Wet Wilderness is a 1976 pornographic horror film directed by Lee Cooper and starring Faye Little, Alicia Hammer, Raymond North, and Daymon Gerard. It was produced by Robert Thomas.

== Plot ==

A mother, her son and daughter, and the daughter's girlfriend are out in the woods on a camping trip. While the mother and son head to a cabin, the daughter and her girlfriend go to a clearing, where they have sex. While the two women fornicate, they are happened upon by a machete-wielding man in an orange balaclava, who forces the two to perform various sexual acts on him, and each other. While her girlfriend is fellating the masked man, the daughter flees, with the man giving chase after he stabs the girlfriend in the crotch with his machete.

The man follows the daughter to the rest of the family, sexually abuses the mother, and forces the daughter to perform oral sex on her brother. After he sodomizes the mother, the man has her and her son copulate, and while he is distracted watching the two, the daughter makes a run for it. While stumbling through the woods, the daughter finds a man bound to a tree, and unties him after he says the masked man had captured him three days ago. Just as the daughter unleashes the man, the rapist (who has killed the son offscreen) appears with the mother in tow. The rapist makes the man, the daughter, and the mother have a threesome, then murders the man by striking him in the chest with an axe.
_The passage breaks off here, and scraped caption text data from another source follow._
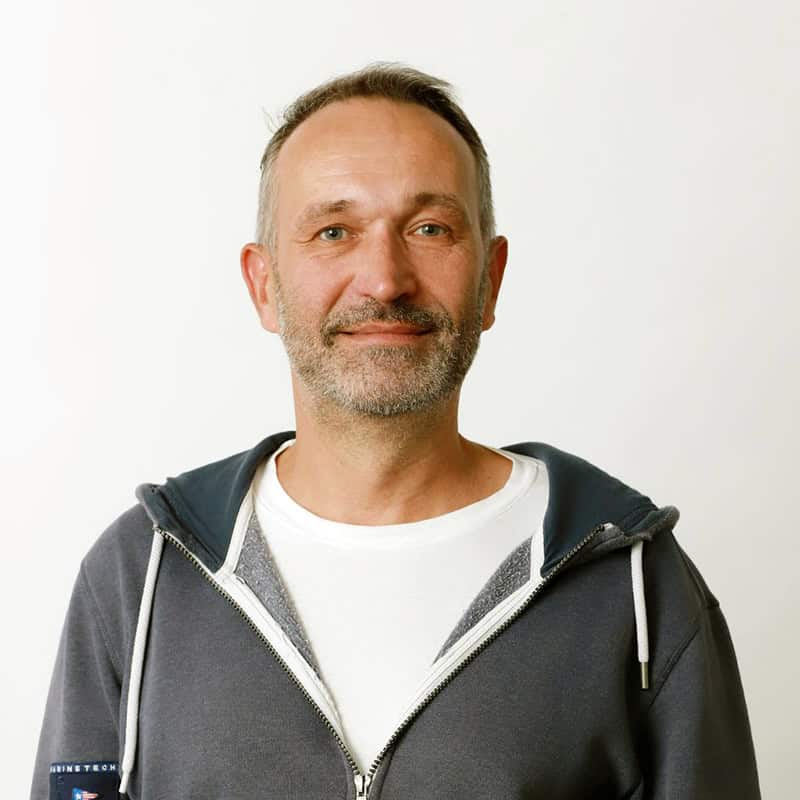 Mann in grauer hoodie und weißen t-shirt vor weißem Hintergrund.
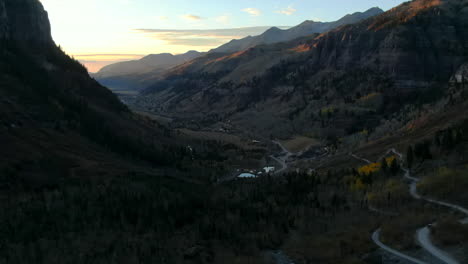 Telluride-Colorado-aerial-drone-towards-Rocky-Mountain-historic-town-scenic-landscape-autumn-golden-yellow-Aspen-trees-stunning-sunset-Silverton-Ouray-Millon-Dollar-Highway-slowly-backward-reveal-up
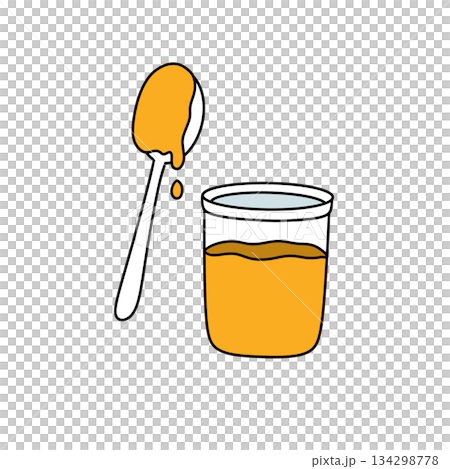 A spoon is in a glass of orange liquid 134298778
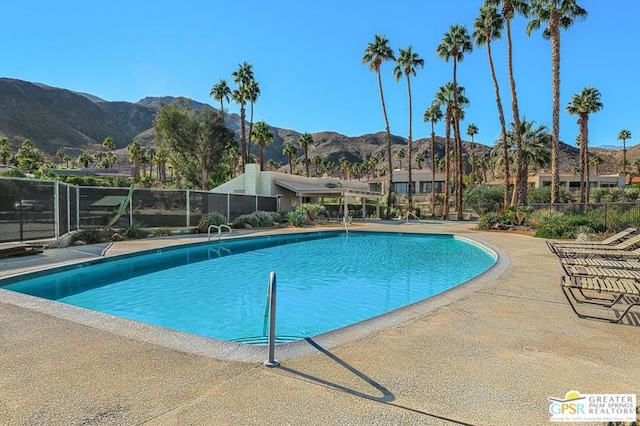 view of swimming pool with a mountain view and a patio area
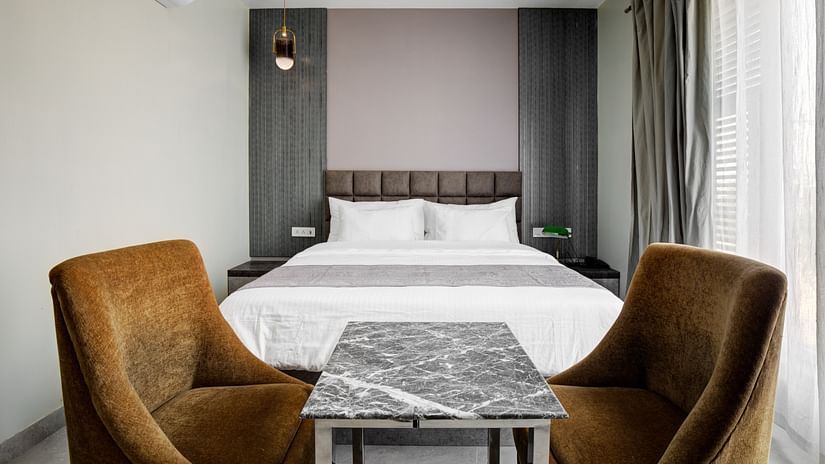 Grey themed Deluxe room room with chairs and a table - The White Moon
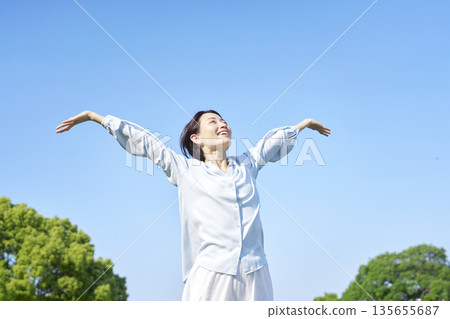 Woman taking a deep breath outdoors Woman taking a deep breath outdoors 135655687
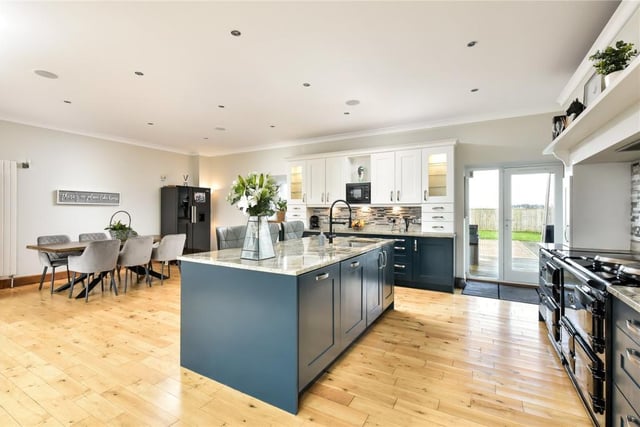 The kitchen fittings include granite surfaces and a central island with breakfast bar and sink with hot water tap, while the electric AGA has four doors.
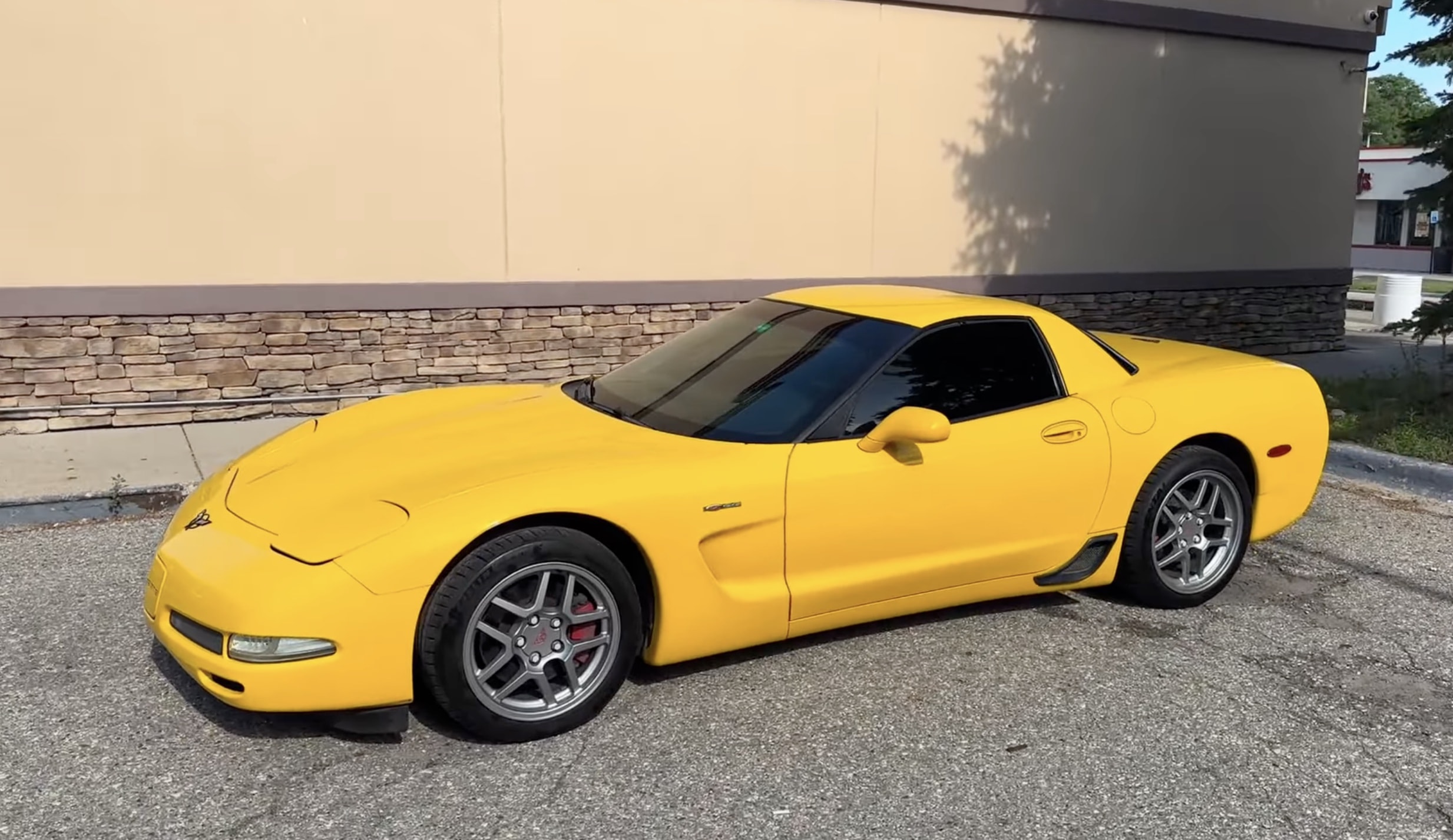 Three-quarter view of a yellow C5 Corvette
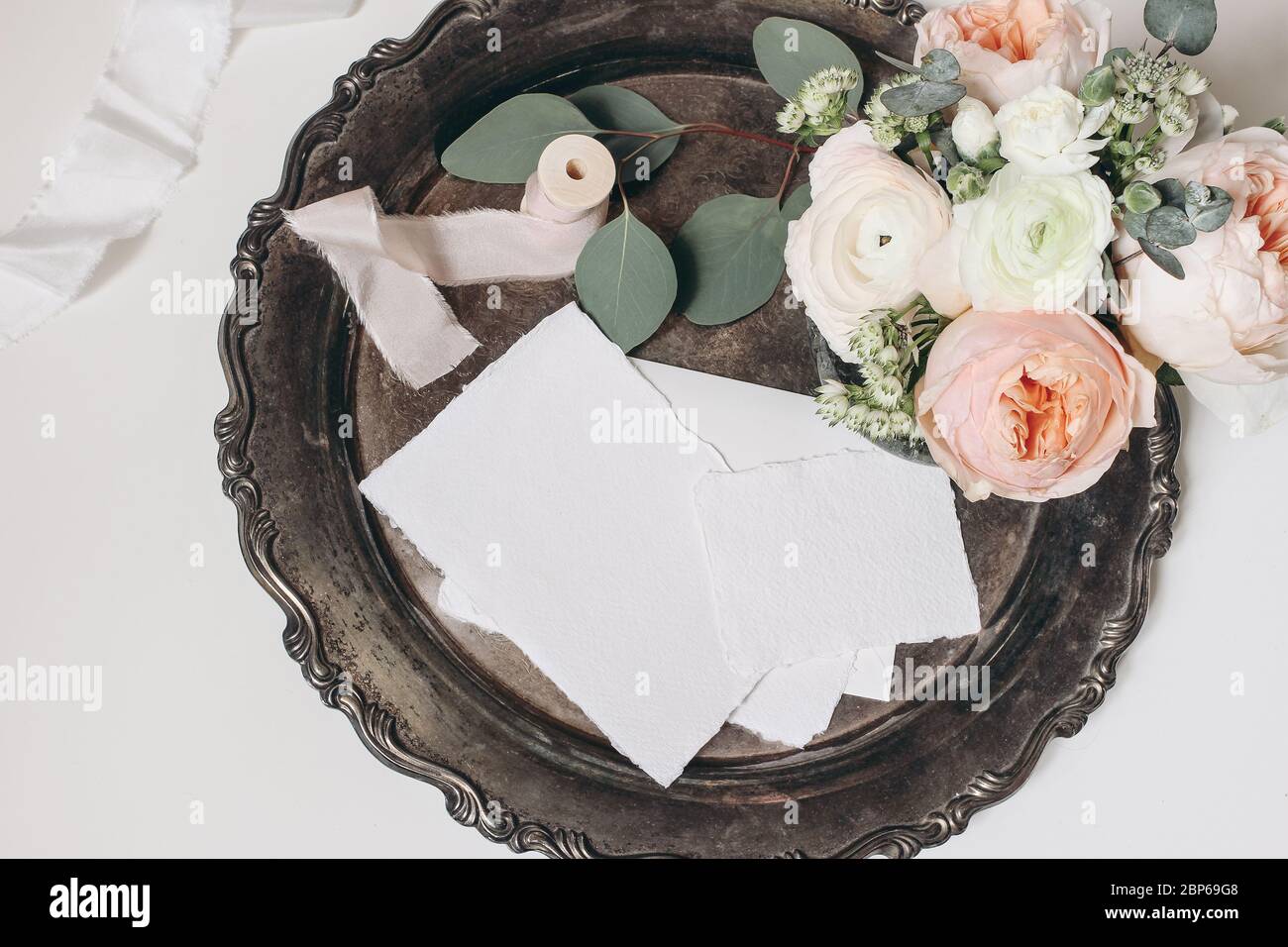 Hochzeit, Geburtstag Schreibwaren Stillleben. Bouquet von rosa englischen Rosen, Ranunculus und Astrantia Blumen, Eukalyptus und Seidenband auf Vintage-Silve Stockfoto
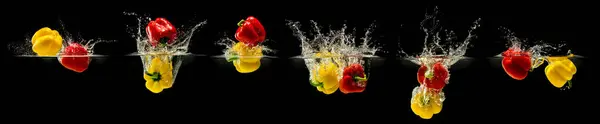 stock image Group of bell pepper falling in water with splash on black background.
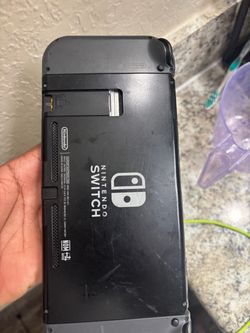 Nintendo Switch with Gray Joy-Con Controller (Previous Model)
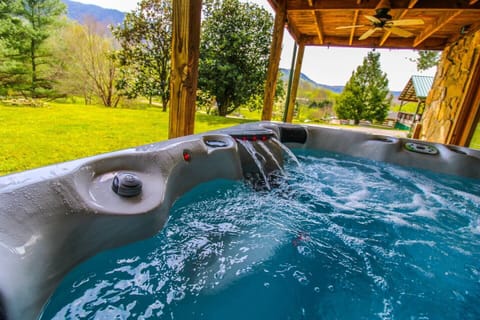 Enjoy the new hot tub on the lower level deck and sneak some mountain views.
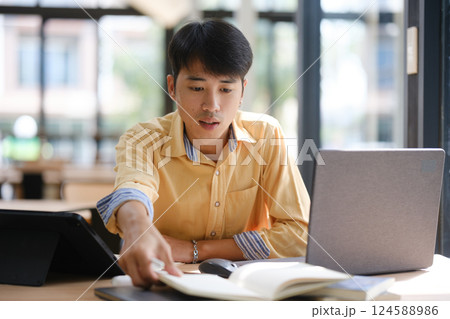 asian businessman working on laptop in office asian businessman working on laptop in office 124588986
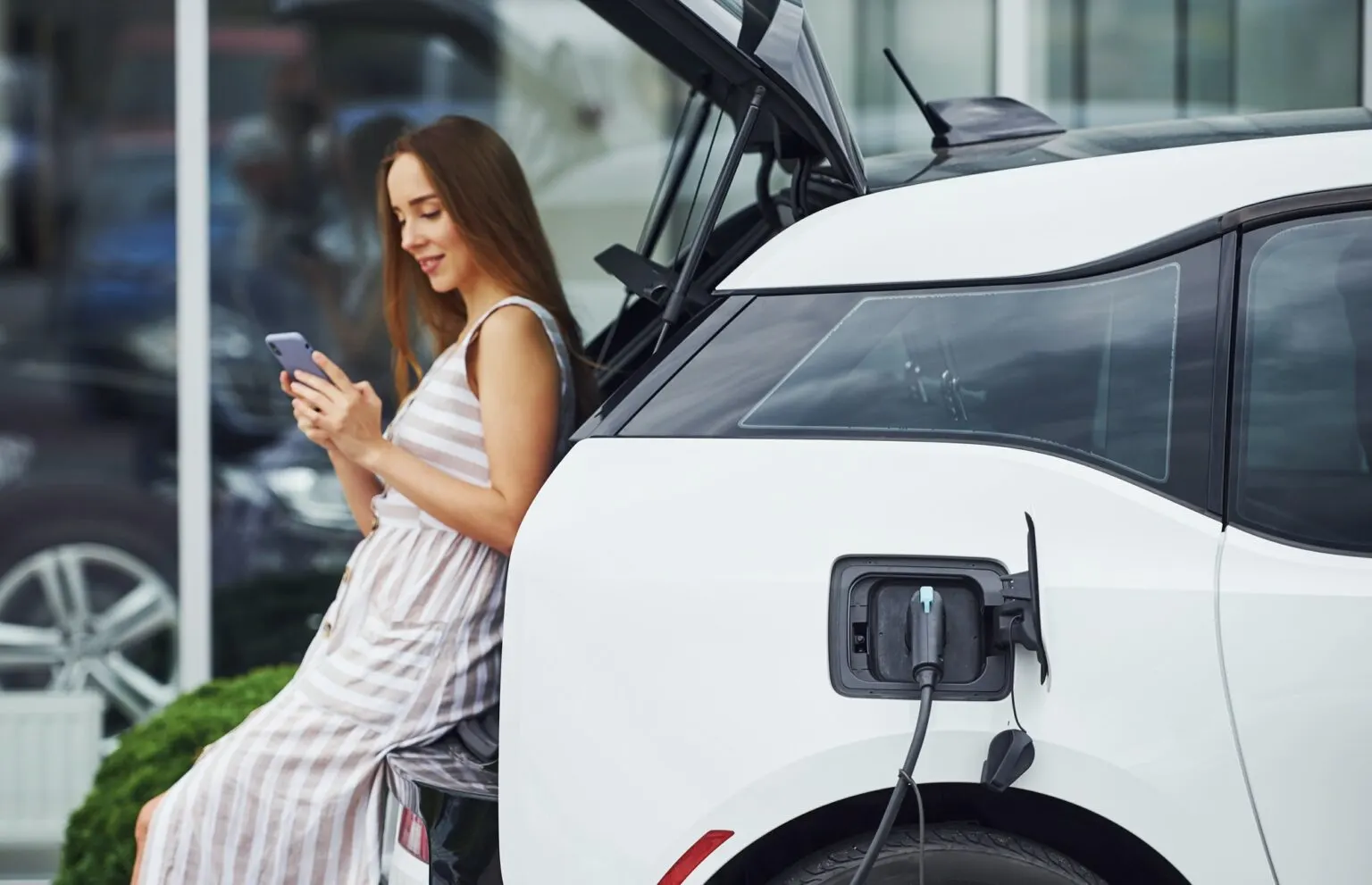 woman-on-the-electric-cars-charge-station-at-daytime-brand-new-vehicle-1536x991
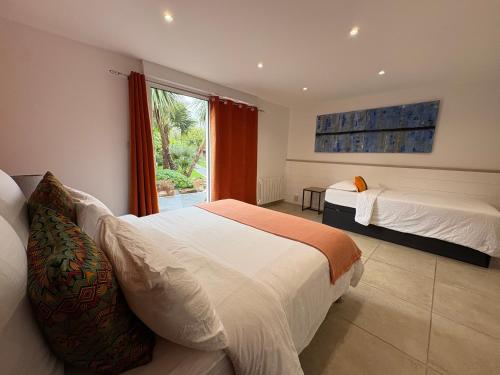 a bedroom with two beds and a window at Au Petit Bignon in Les Épesses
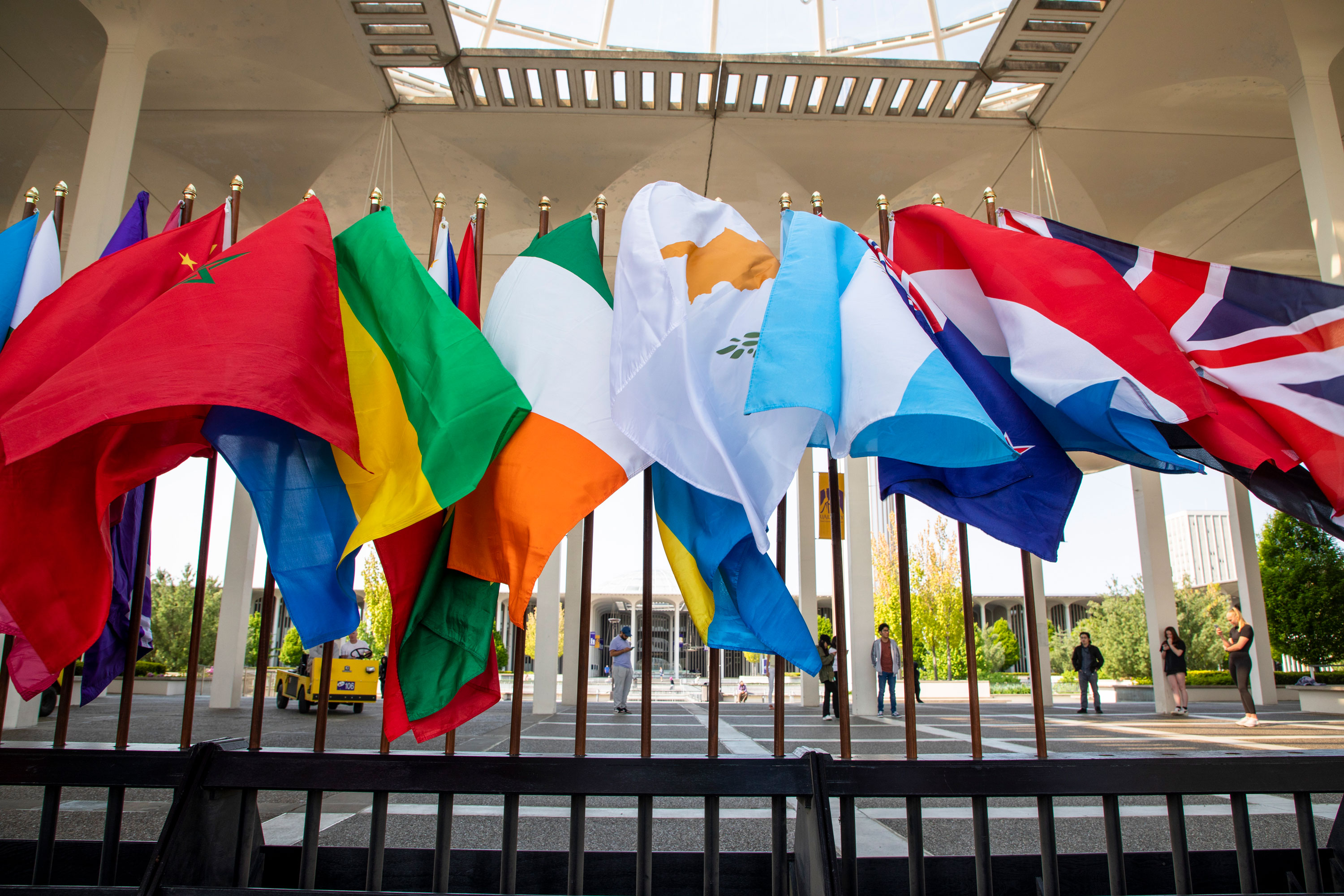 A line of international flags wave in the wind on the Academic Podium.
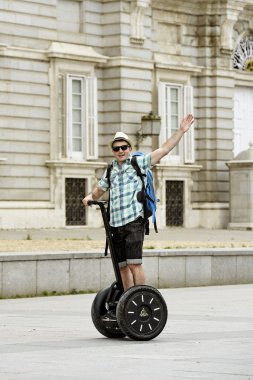 young happy tourist man with backpack riding city tour segway driving happy and excited visiting Madrid palace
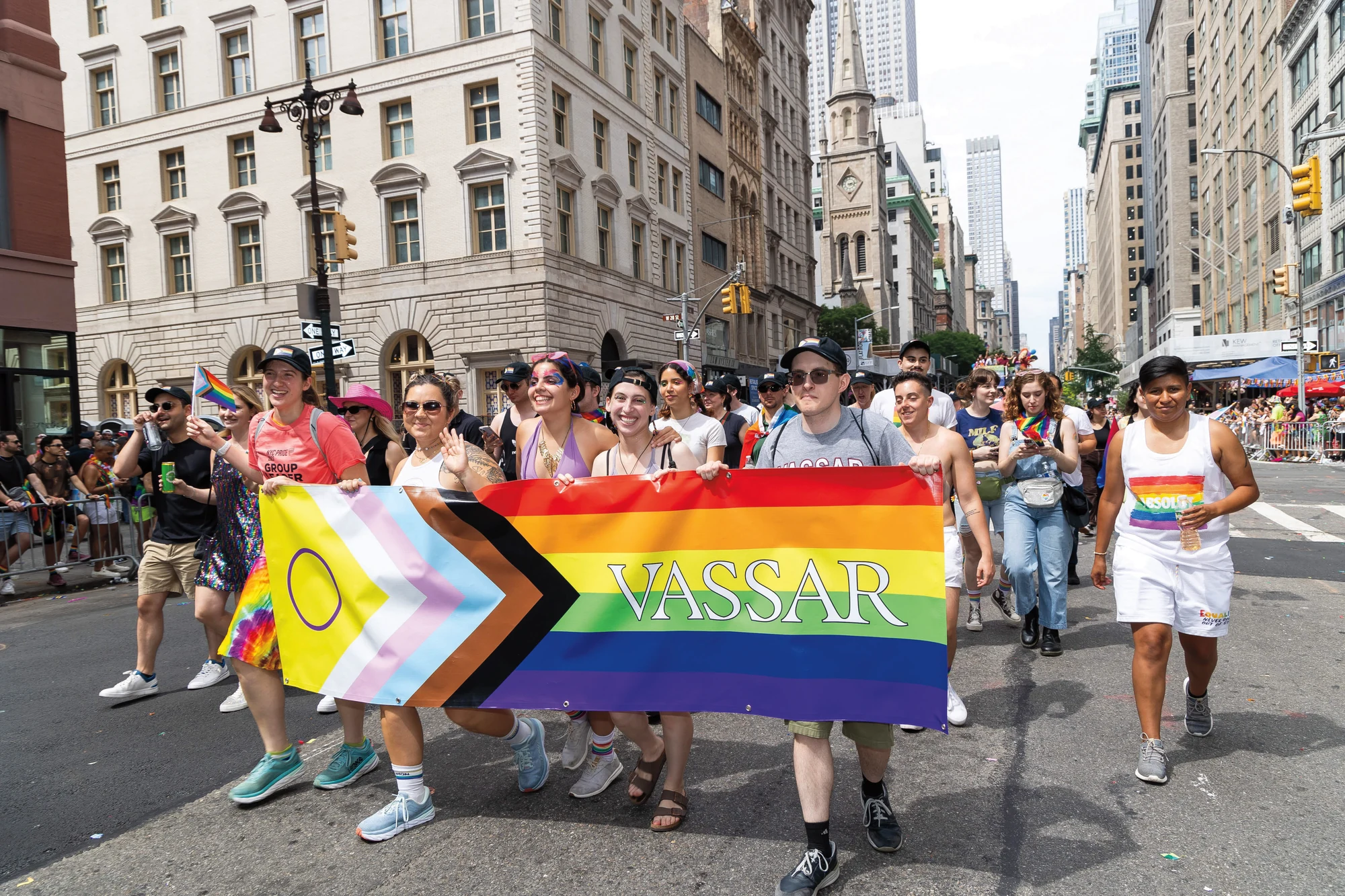 Vassar students march in a Pride parade carrying a rainbow banner and Pride flags.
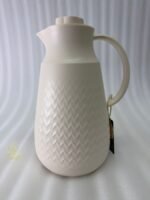 A 1-liter insulated thermal flask with a 3D diamond-patterned matte body, featuring a curved handle and a spout, shown in black and beige color options on a kitchen countertop.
After he has the mother and daughter clean the dead man's blood off themselves, the rapist forces the two to perform oral sex on him. As her mother fellates the man, the daughter grabs his discarded machete, and castrates him with it (off screen).

== Cast ==

- Daymon Gerard
- Alicia Hammer
- Raymond North
- Faye Little

== Reception ==
Wet Wilderness was called "reprehensible in pretty much every possible way" by AV Maniacs, which also said the film's potentially offensive content was dulled by how inept and poorly acted it was. A score of seven out of ten was awarded by The Movies Made Me Do It, which concluded that Wet Wilderness was "not a masterpiece and it's not a perfect film even by the low standards of the genre, but it is an entertaining little flick that fans of this sort of trash will certainly enjoy".

== DVD release ==
Wet Wilderness was released on DVD in 2008 by After Hours Cinema, in a double feature with fellow "roughie" Come Deadly. The film was redubbed and given a new score for this release, as the original version made illegal use of music taken from both Psycho and Jaws.